▶ Records to use

▼

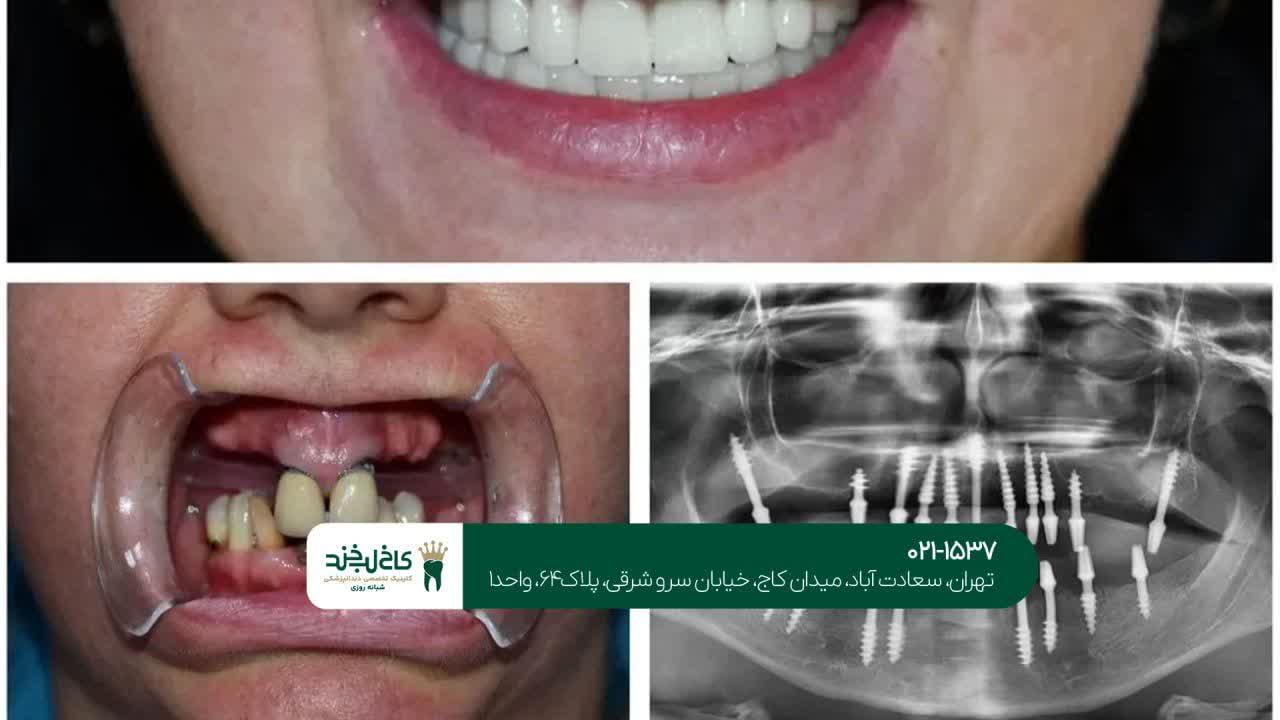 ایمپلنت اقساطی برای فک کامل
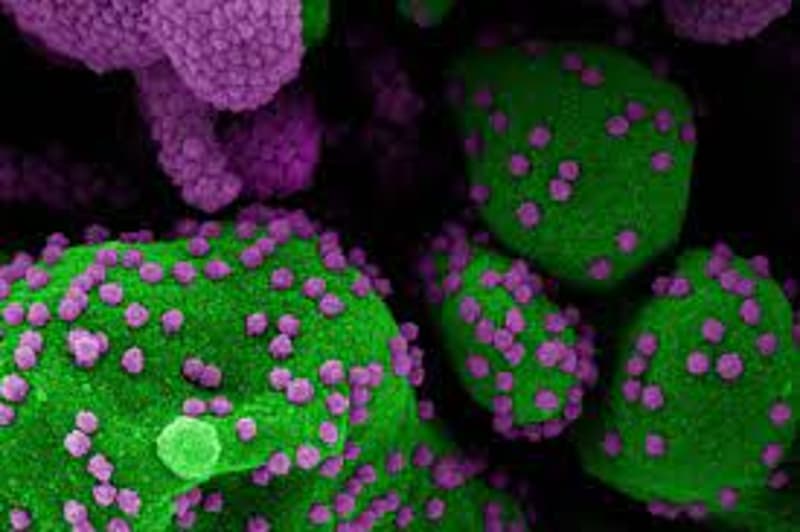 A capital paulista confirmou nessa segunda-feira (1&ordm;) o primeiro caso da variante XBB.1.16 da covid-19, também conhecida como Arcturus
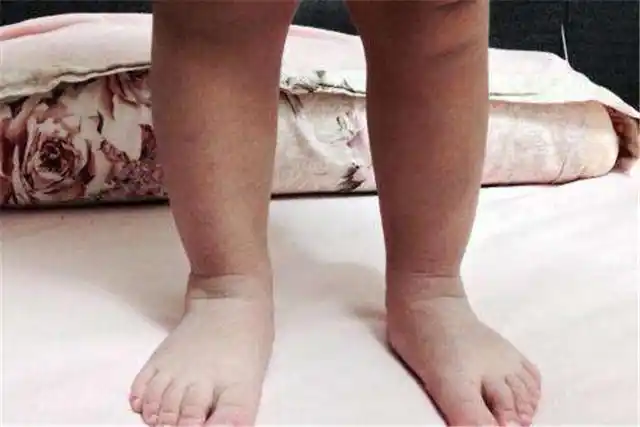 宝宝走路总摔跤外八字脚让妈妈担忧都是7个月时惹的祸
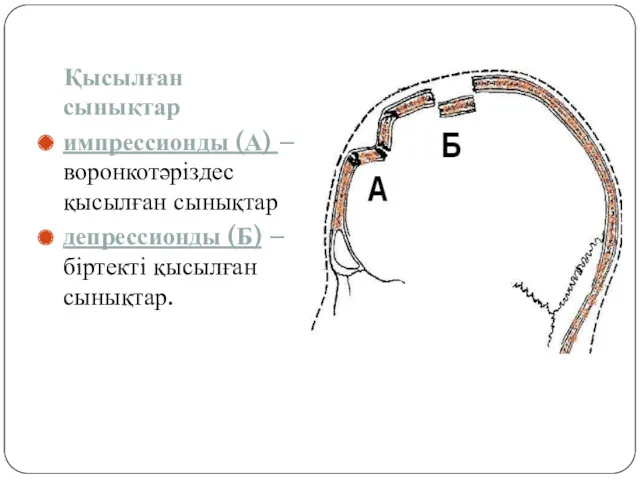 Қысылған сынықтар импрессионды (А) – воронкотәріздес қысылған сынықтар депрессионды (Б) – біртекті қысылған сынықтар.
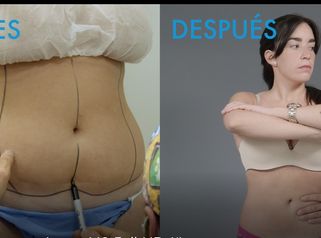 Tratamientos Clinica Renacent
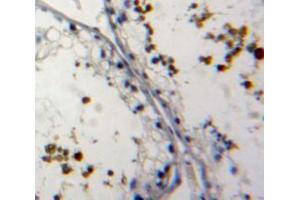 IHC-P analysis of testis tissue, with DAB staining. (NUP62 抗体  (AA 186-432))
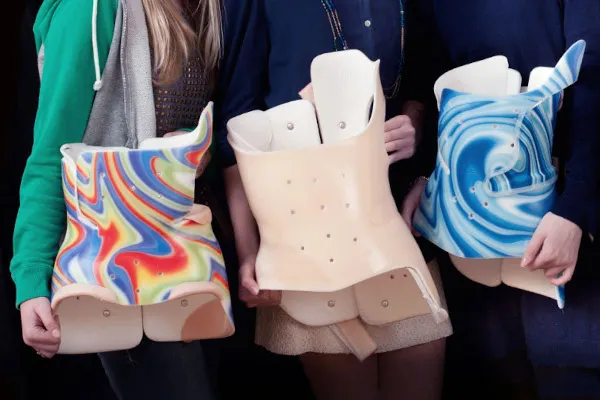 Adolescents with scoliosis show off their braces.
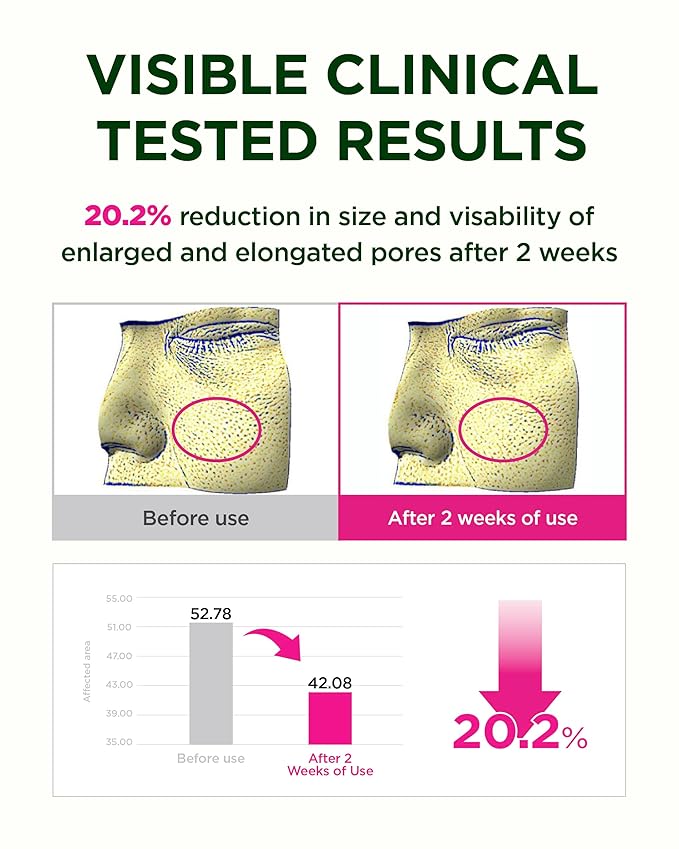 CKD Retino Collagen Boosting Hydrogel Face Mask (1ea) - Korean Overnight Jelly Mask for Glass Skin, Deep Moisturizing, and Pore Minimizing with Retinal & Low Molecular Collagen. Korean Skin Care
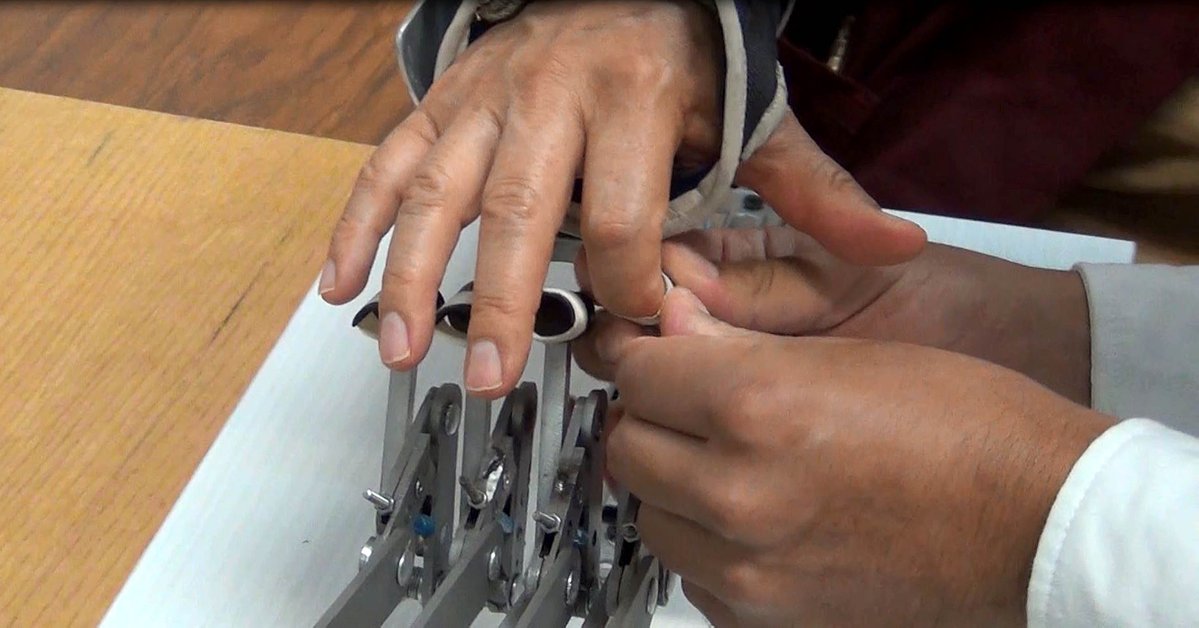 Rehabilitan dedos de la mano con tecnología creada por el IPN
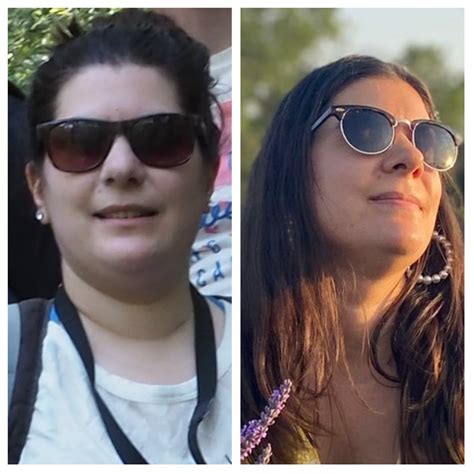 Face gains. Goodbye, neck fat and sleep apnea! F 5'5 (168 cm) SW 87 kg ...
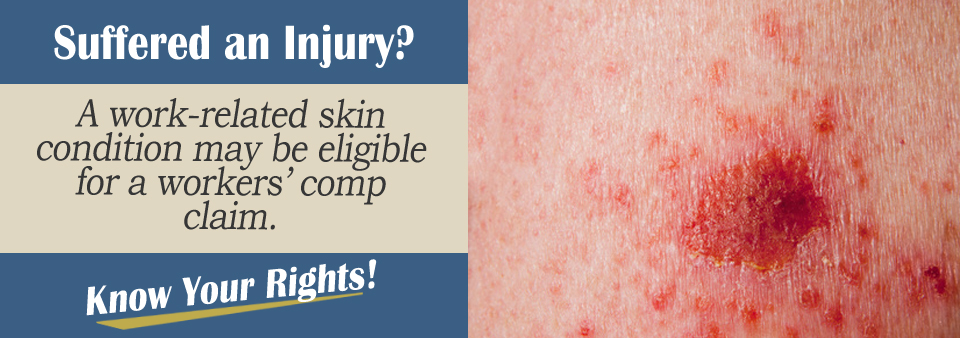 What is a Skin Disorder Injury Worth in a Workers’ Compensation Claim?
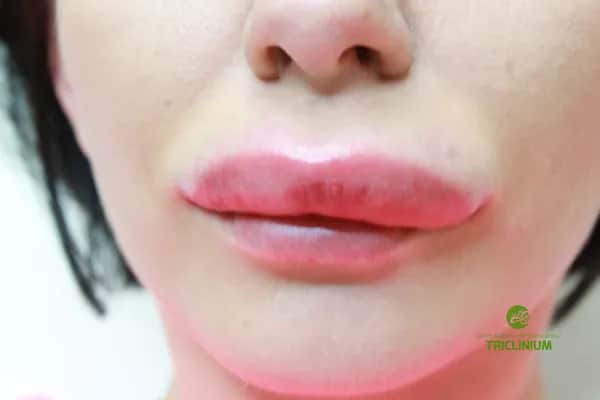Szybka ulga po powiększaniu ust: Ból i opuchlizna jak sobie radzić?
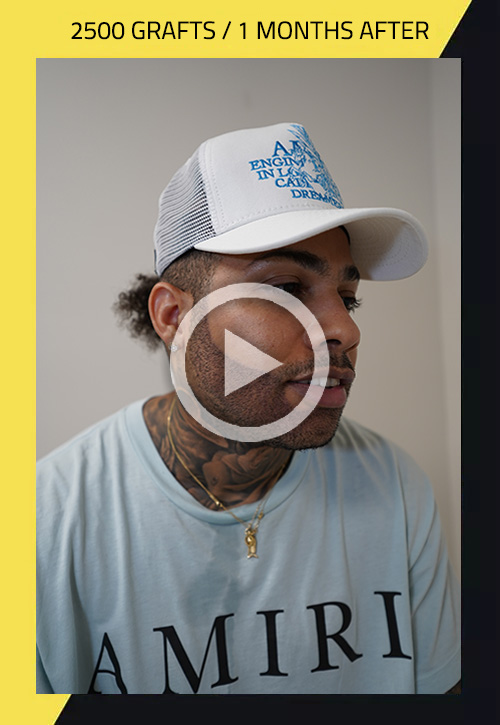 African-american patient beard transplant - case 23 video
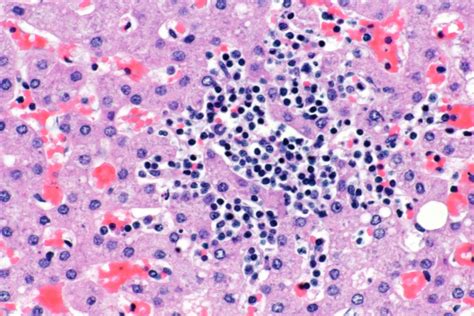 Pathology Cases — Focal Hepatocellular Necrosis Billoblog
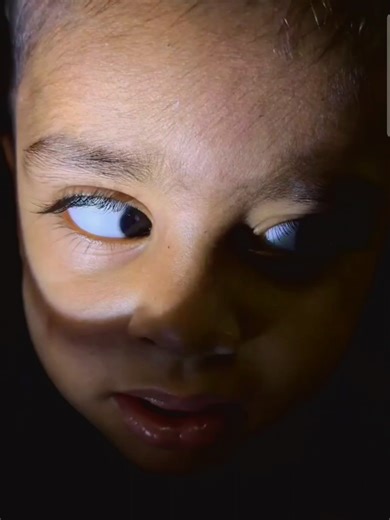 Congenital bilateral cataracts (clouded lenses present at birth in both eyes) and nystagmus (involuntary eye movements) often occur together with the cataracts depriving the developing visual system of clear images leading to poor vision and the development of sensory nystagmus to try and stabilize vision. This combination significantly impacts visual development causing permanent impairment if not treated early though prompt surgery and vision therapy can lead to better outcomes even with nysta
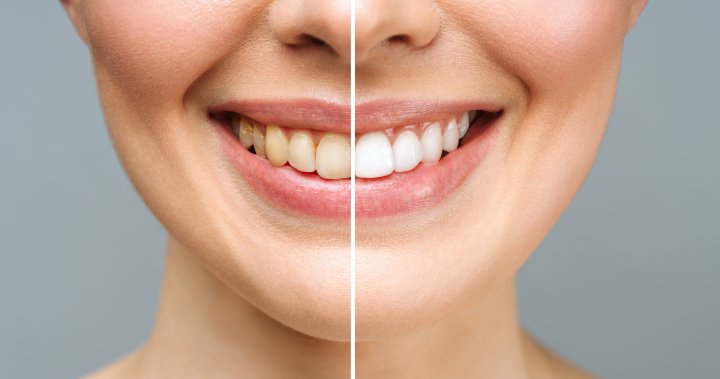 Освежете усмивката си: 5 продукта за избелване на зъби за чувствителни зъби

▲

▶ Action item
The reply should repeat the listing above exactly and contain no pictures.

▶ Exercise answer
 ایمپلنت اقساطی برای فک کامل
 A capital paulista confirmou nessa segunda-feira (1&ordm;) o primeiro caso da variante XBB.1.16 da covid-19, também conhecida como Arcturus
 宝宝走路总摔跤外八字脚让妈妈担忧都是7个月时惹的祸
 Қысылған сынықтар импрессионды (А) – воронкотәріздес қысылған сынықтар депрессионды (Б) – біртекті қысылған сынықтар.
 Tratamientos Clinica Renacent
 IHC-P analysis of testis tissue, with DAB staining. (NUP62 抗体  (AA 186-432))
 Adolescents with scoliosis show off their braces.
 CKD Retino Collagen Boosting Hydrogel Face Mask (1ea) - Korean Overnight Jelly Mask for Glass Skin, Deep Moisturizing, and Pore Minimizing with Retinal & Low Molecular Collagen. Korean Skin Care
 Rehabilitan dedos de la mano con tecnología creada por el IPN
 Face gains. Goodbye, neck fat and sleep apnea! F 5'5 (168 cm) SW 87 kg ...
 What is a Skin Disorder Injury Worth in a Workers’ Compensation Claim?
Szybka ulga po powiększaniu ust: Ból i opuchlizna jak sobie radzić?
 African-american patient beard transplant - case 23 video
 Pathology Cases — Focal Hepatocellular Necrosis Billoblog
 Congenital bilateral cataracts (clouded lenses present at birth in both eyes) and nystagmus (involuntary eye movements) often occur together with the cataracts depriving the developing visual system of clear images leading to poor vision and the development of sensory nystagmus to try and stabilize vision. This combination significantly impacts visual development causing permanent impairment if not treated early though prompt surgery and vision therapy can lead to better outcomes even with nysta
 Освежете усмивката си: 5 продукта за избелване на зъби за чувствителни зъби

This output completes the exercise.